# DX 704 Week 1 Project

This week's project will build a portfolio risk and return model, and make investing recommendations for hypothetical clients.
You will collect historical data, estimate returns and risks, construct efficient frontier portfolios, and sanity check the certainty of the maximum return portfolio.

The full project description and a template notebook are available on GitHub at the following link.

https://github.com/bu-cds-dx704/dx704-project-01


Feel free to use optimization tools or libraries (such as CVXOPT or scipy.optimize) to perform any calculations required for this mini project.

### Example Code

You may find it helpful to refer to these GitHub repositories of Jupyter notebooks for example code.

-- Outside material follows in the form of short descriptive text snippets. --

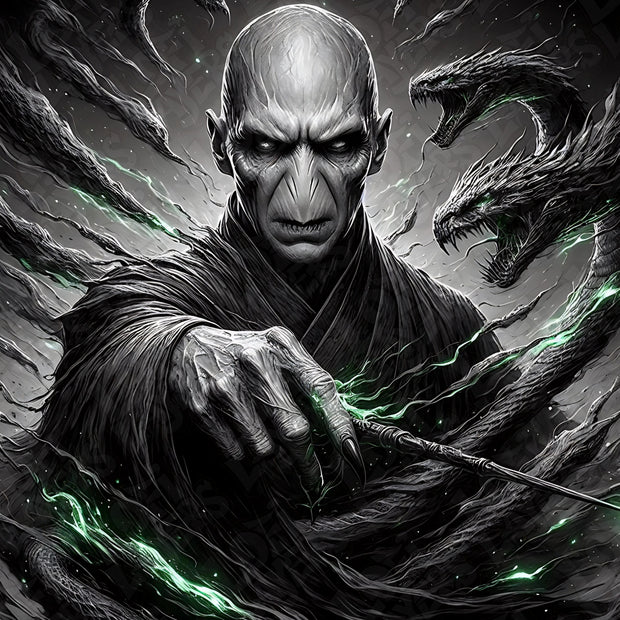 Harry Potter Lord Voldemort HueForge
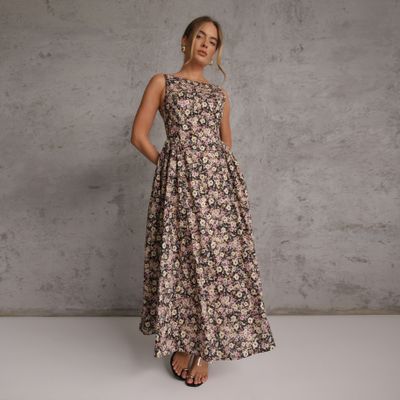 Sukienka boho Renee ze sklepu: renee.pl w kategorii: Sukienki - zdjęcie 6BEED23A-9DF-769_407742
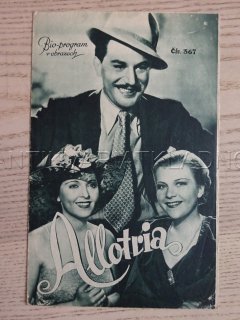 STÍNY MINULOSTI, G. DIESEL, BIO PROGRAM Č. 370, 1936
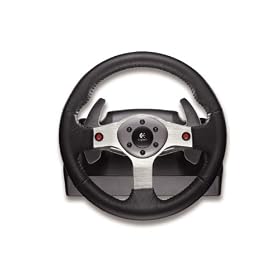 Logitech - G25 Racing Wheel - Volant - Compatible PC / PS3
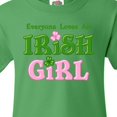 thumbnail image 4 of Inktastic Loves an Irish Girl Youth T-Shirt, 4 of 5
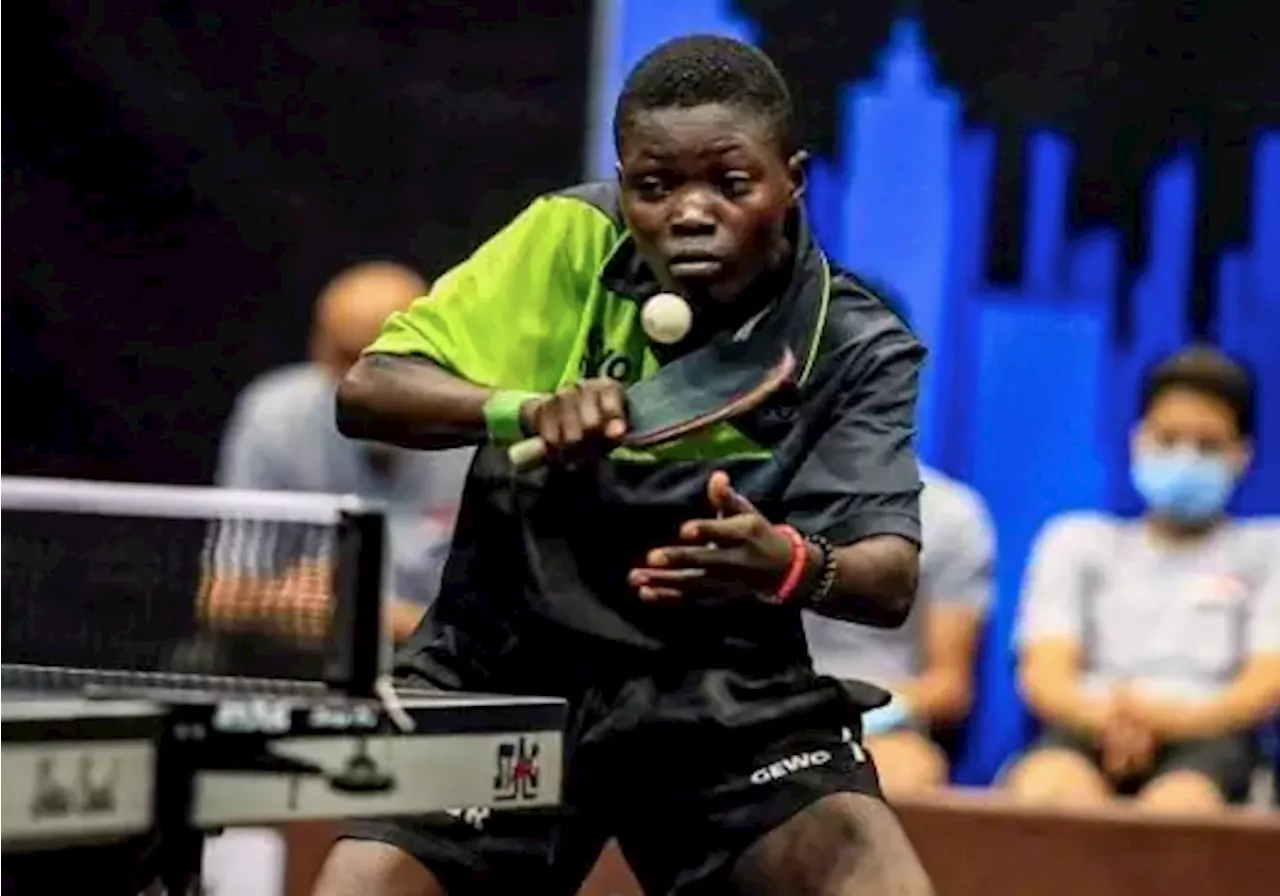 Kuti, Udoaka rule West African table tennis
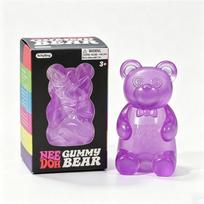 Schylling Needoh Jelly Hops Guminukas Suspaudžiamas Streso Malšinimo Fidget Atsipalaidavimo Žaislas Jutimo Nee Doh Suaugusiems Autizmas ADHD Netoksiškas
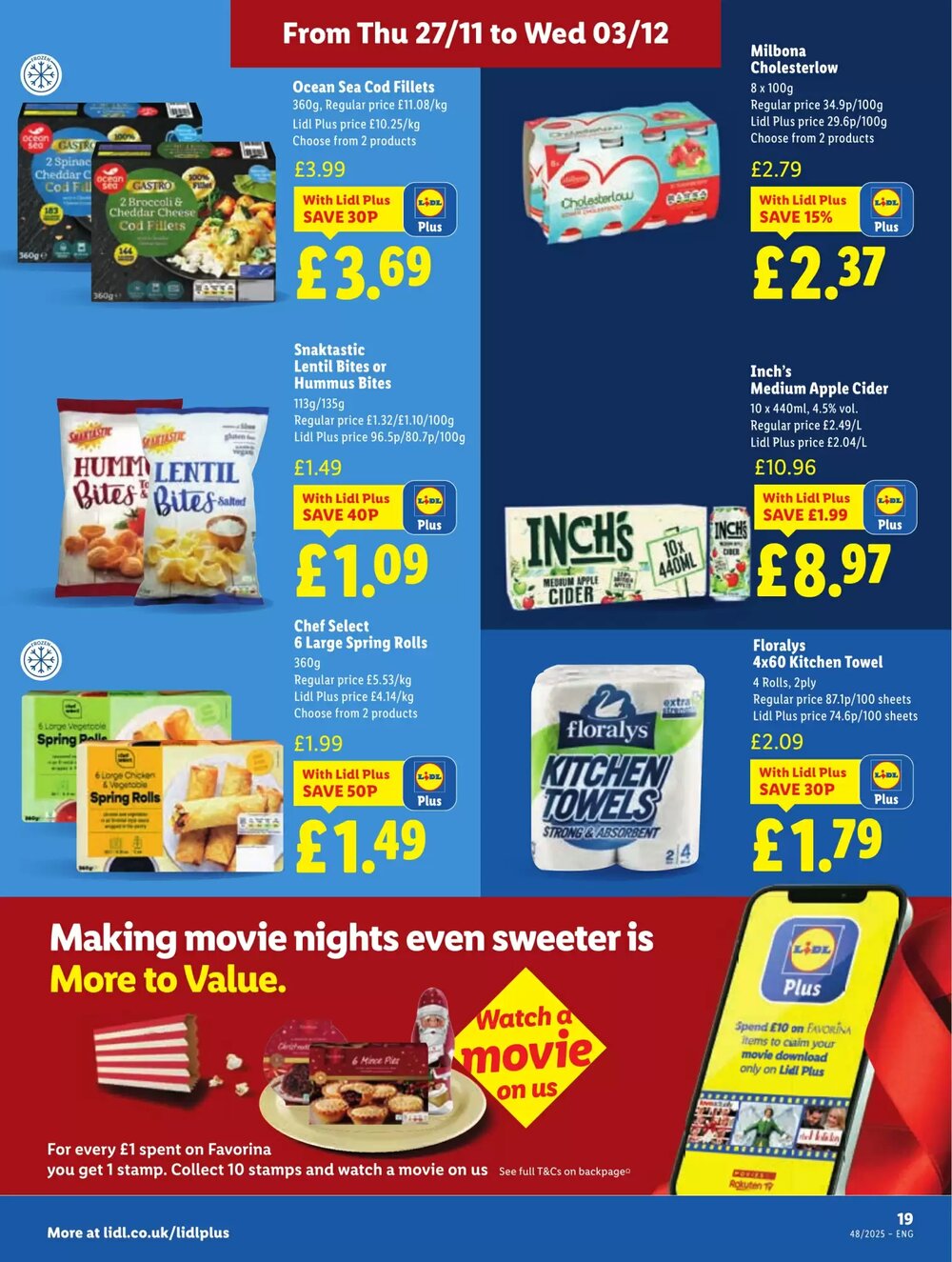 Lidl offers valid from 27/11/2025 - Page 19.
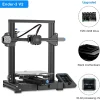 Creality Ender 3 V2 FDM 3D Printer, 220x220x250mm Build Size - Ender 3 V2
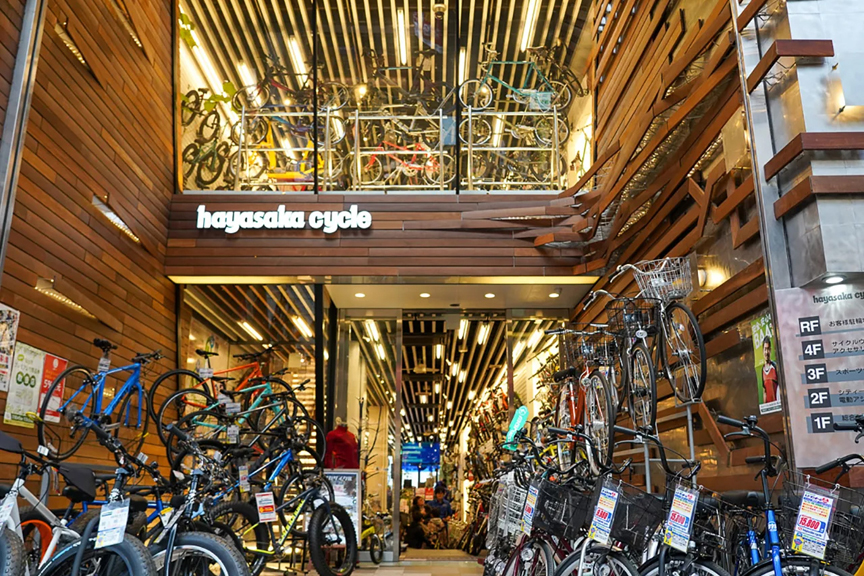 ハヤサカサイクル 仙台中央店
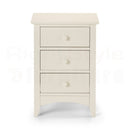 Opal 3 Drawer Bedside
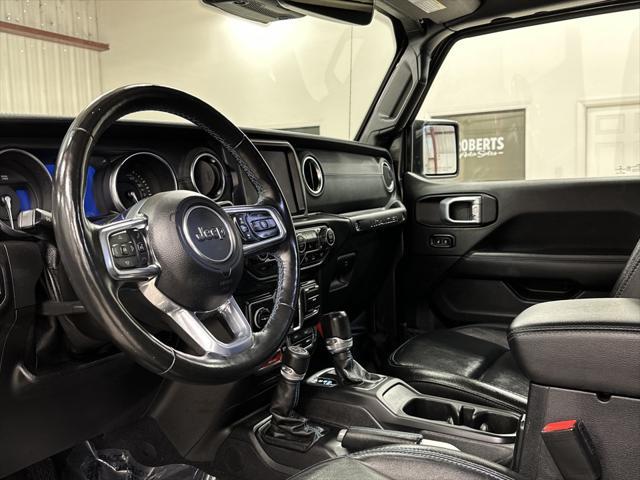 used 2021 Jeep Wrangler Unlimited 4xe car, priced at $35,997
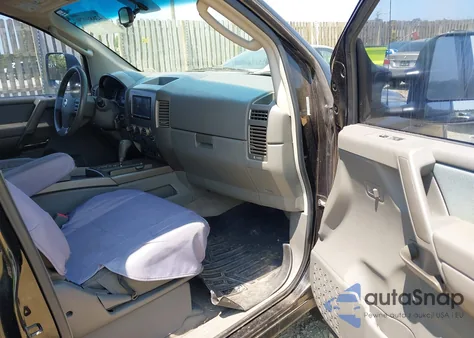 2005 Nissan Titan Se z USA, uszkodzony, nr VIN 1N6BA07B15N562932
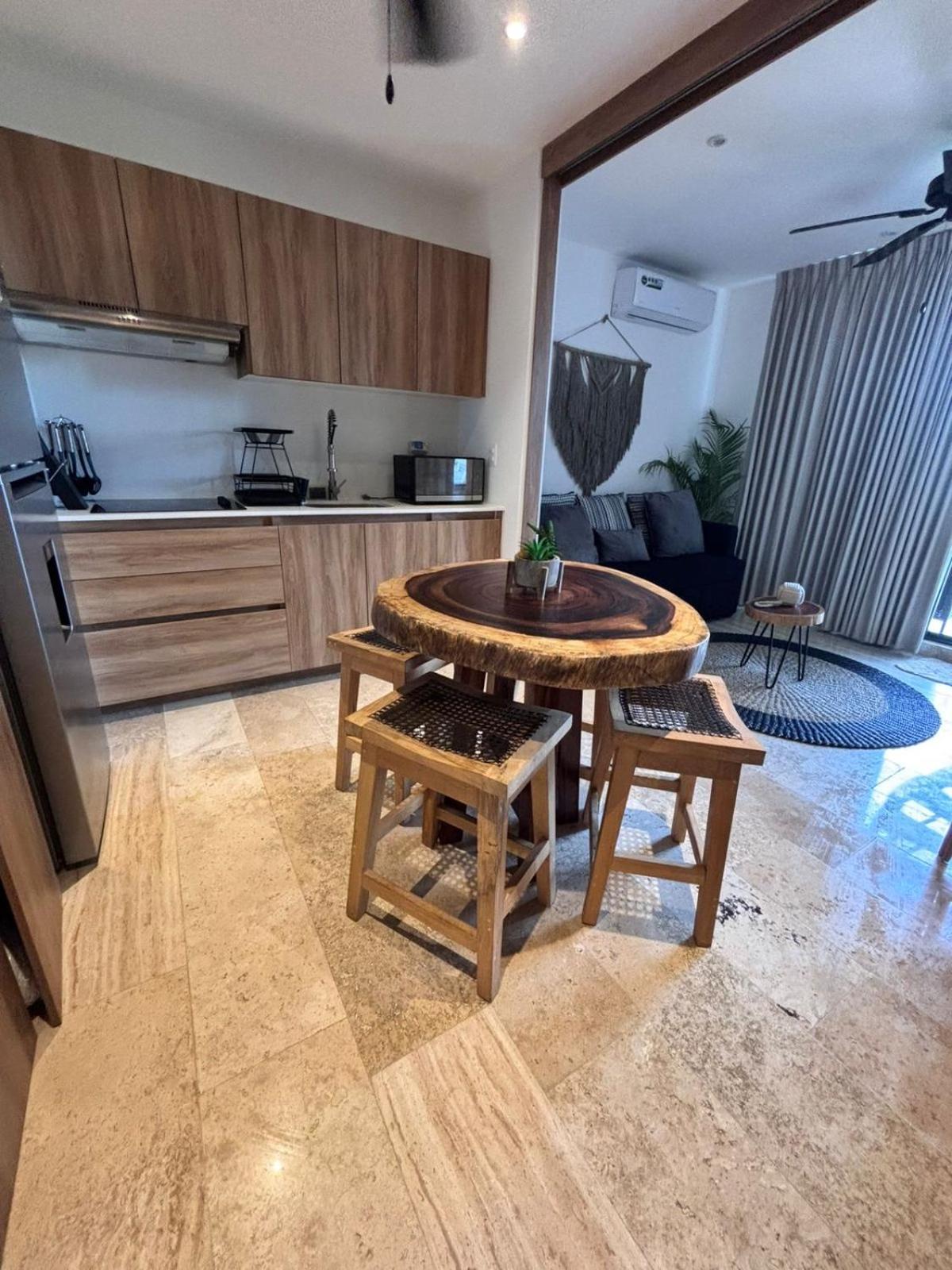 Penthouse Cerca De La Playa Apartamento Tulum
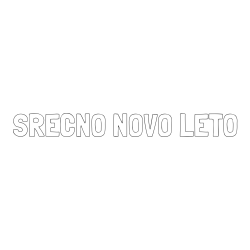 Online izdelana pobarvanka - Pobarvanka imena SREČNO NOVO LETO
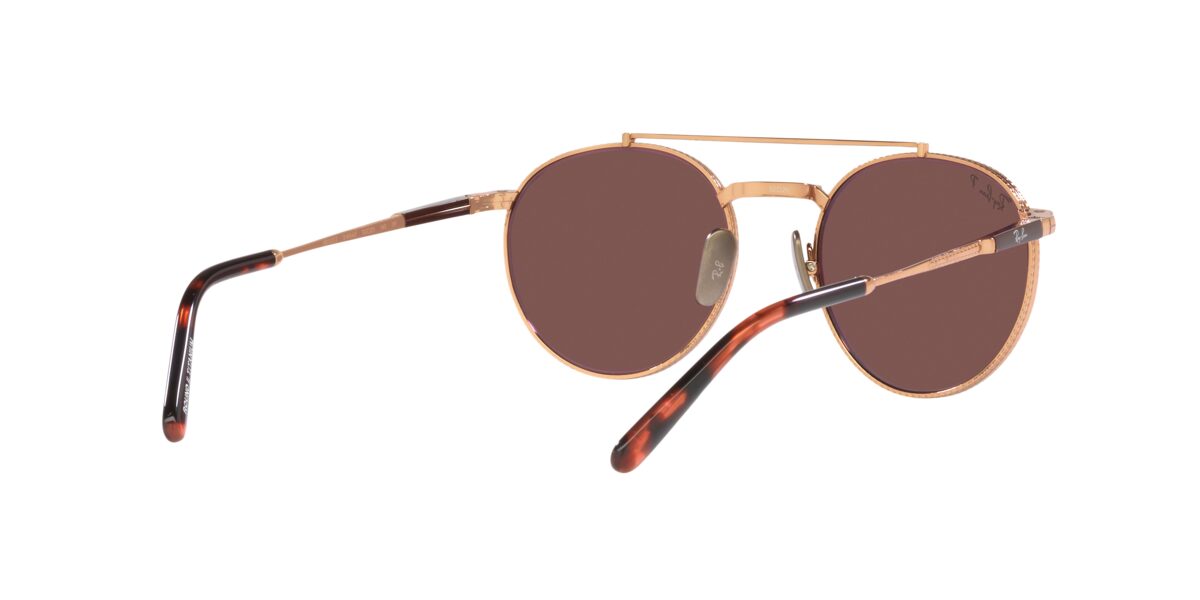 Ray-Ban RB8237 ROUND II TITANIUM 3140AF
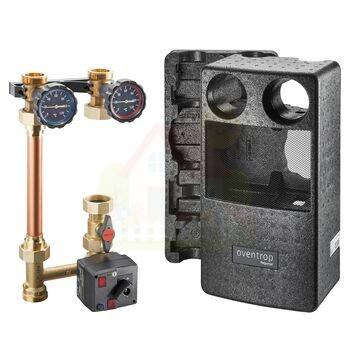 Инженерная сантехника Насосная группа Oventrop + Regumat MF-180 DN25 арт.1354260 — детальное фото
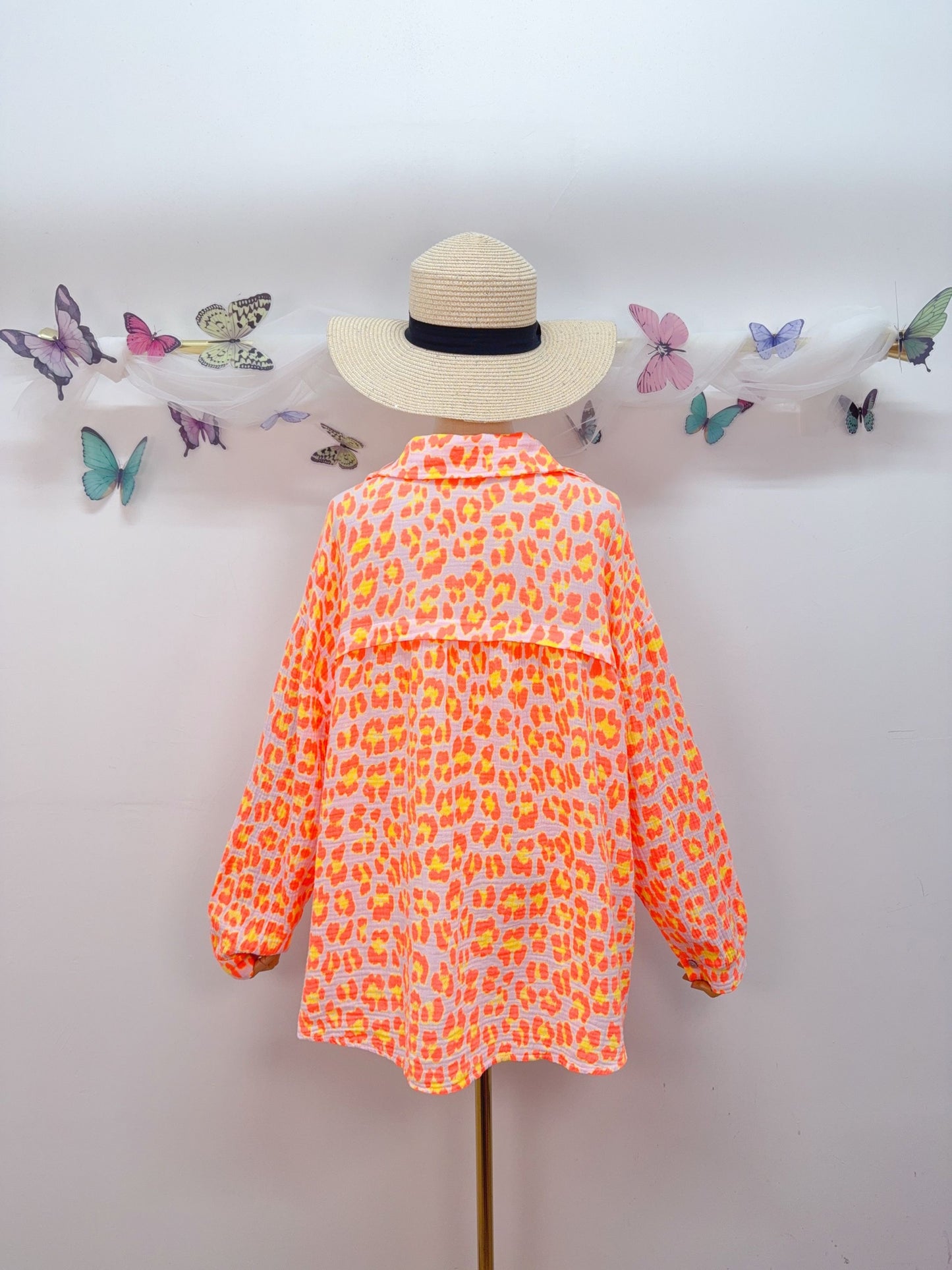 Leo Musselin Bluse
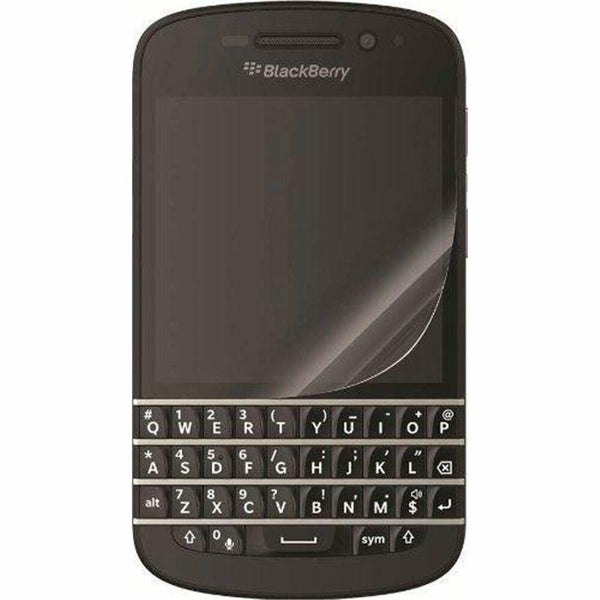 Genuine BlackBerry Screen Film Guard Protector for Q10 Pack of 2 ACC-54982-201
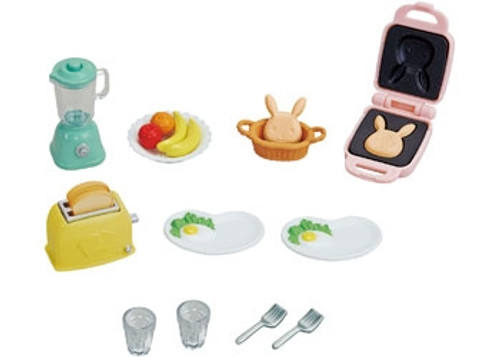 Sylvanian Families - Breakfast Playset 5444 Sylvanian Families - Breakfast Playset 5444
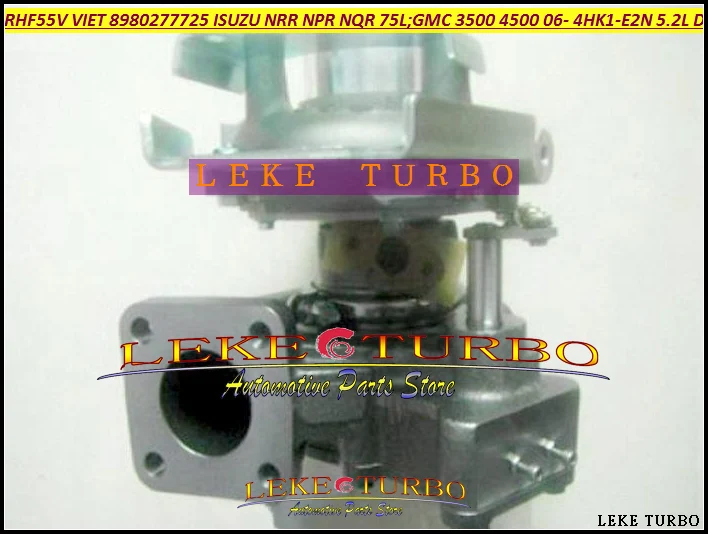 Бесплатная доставка Турбокомпрессор CHRA RHF55V 8980277721 8980277722 Для ISUZU NRR NPR NQR для GMC 3500 4500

* https://github.com/bu-cds-omds/dx601-examples
* https://github.com/bu-cds-omds/dx602-examples
* https://github.com/bu-cds-omds/dx603-examples
* https://github.com/bu-cds-omds/dx704-examples

Any calculations demonstrated in code examples or videos may be found in these notebooks, and you are allowed to copy this example code in your homework answers.

## Part 1: Collect Data

Collect historical monthly price data for the last 24 months covering 6 different stocks.
The data should cover 24 consecutive months including the last month that ended before this week's material was released on Blackboard.
To be clear, if a month ends between the Blackboard release and submitting your project, you do not need to add that month.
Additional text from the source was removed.